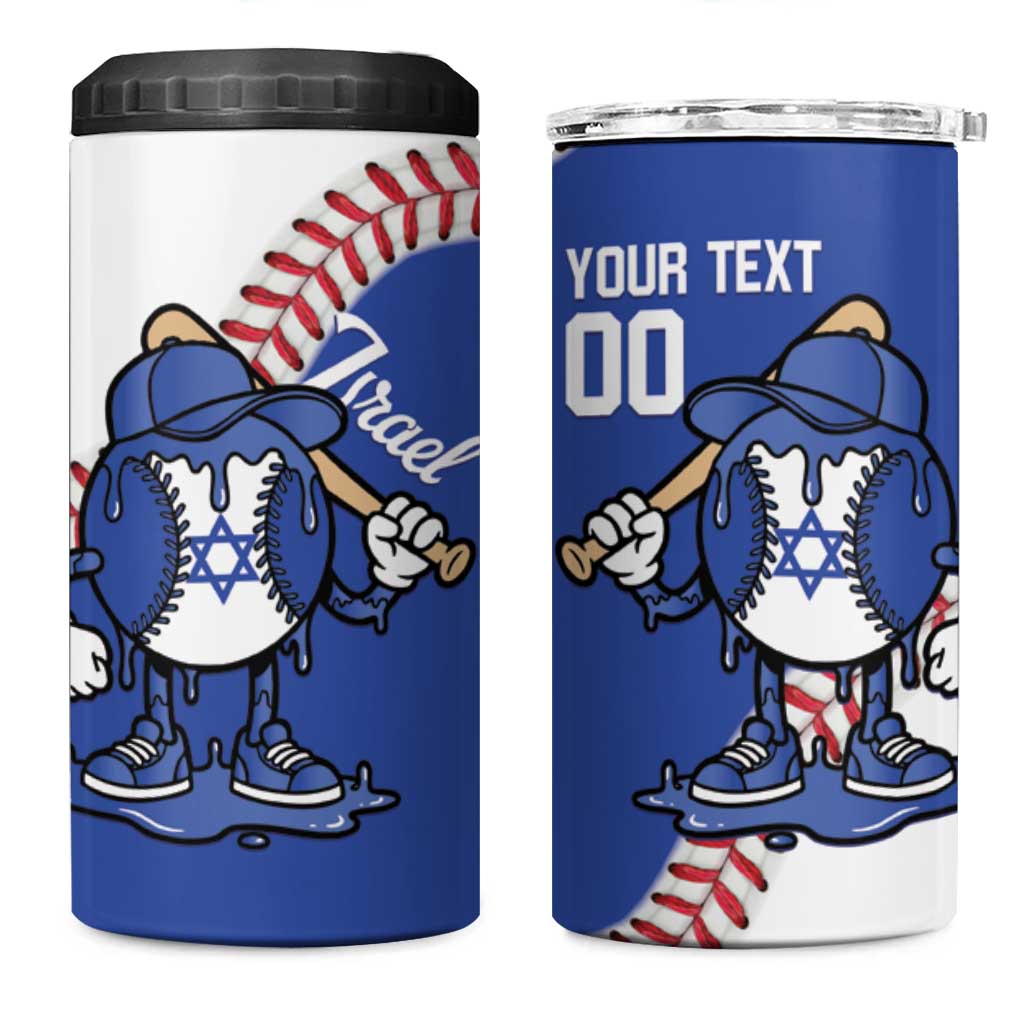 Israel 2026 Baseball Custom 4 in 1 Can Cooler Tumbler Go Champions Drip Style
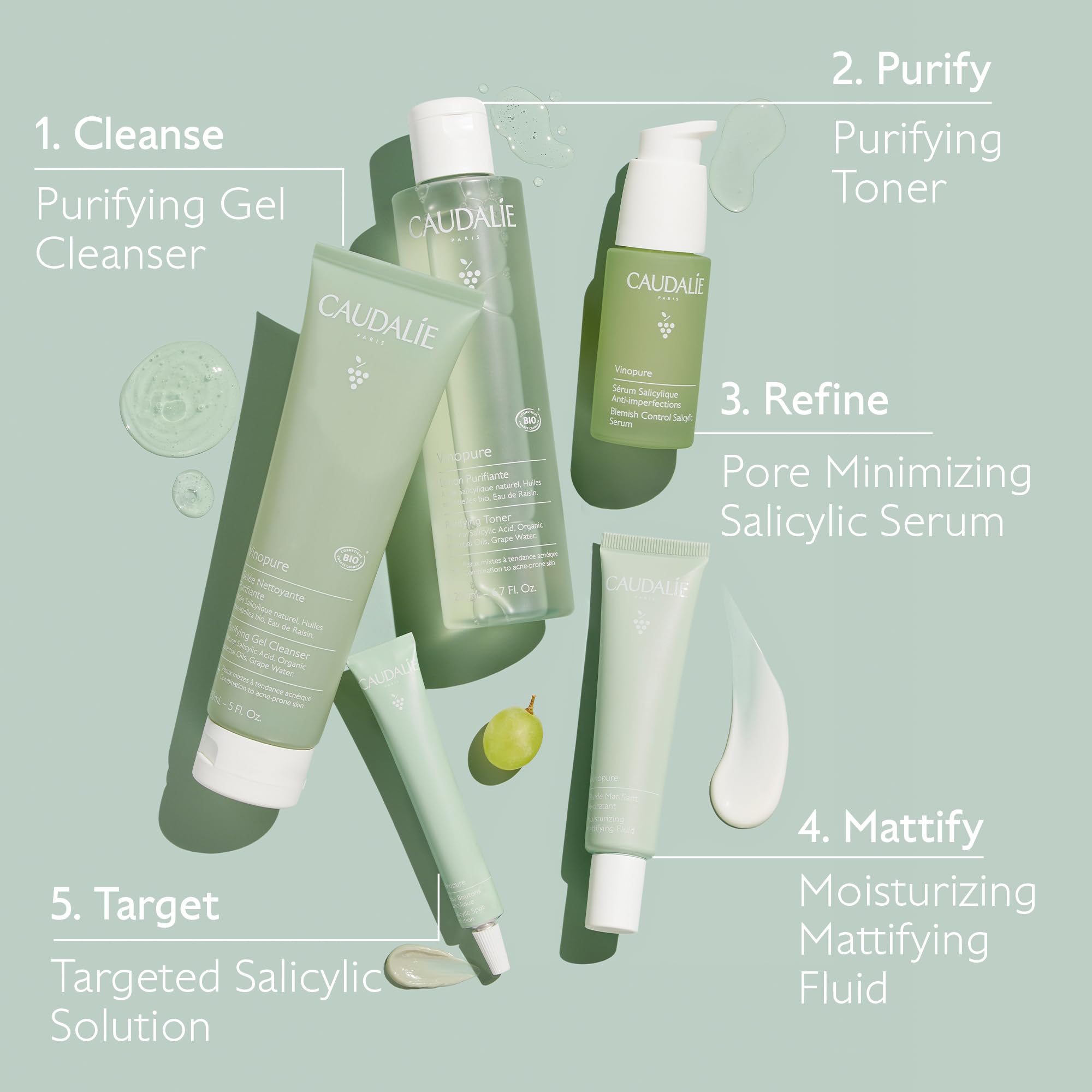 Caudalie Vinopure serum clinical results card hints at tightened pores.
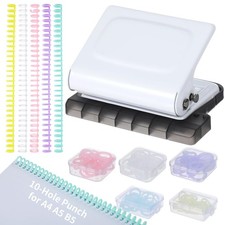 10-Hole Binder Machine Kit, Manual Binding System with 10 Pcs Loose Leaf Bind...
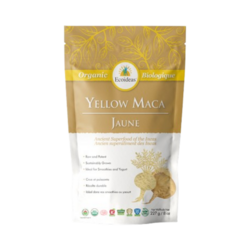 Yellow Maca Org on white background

= = = =

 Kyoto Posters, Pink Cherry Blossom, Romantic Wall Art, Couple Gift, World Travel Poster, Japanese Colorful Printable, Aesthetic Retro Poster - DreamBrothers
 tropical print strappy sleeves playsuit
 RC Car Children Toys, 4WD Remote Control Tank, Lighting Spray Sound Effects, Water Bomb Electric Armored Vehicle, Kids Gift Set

= = = =

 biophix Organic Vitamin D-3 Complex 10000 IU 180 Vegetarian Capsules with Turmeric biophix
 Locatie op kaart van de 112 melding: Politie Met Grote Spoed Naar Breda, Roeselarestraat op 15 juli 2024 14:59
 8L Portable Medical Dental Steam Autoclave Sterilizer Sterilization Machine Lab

= = = =

▶ [What is needed]: In the data above, find the line containing "10-Hole Binder Machine" and the line containing "Yellow Maca Org on white background". Copy exactly the stretch from the first through the second, both included, leaving out any picture.

▶ [Completed exercise]:
 10-Hole Binder Machine Kit, Manual Binding System with 10 Pcs Loose Leaf Bind...
 Yellow Maca Org on white background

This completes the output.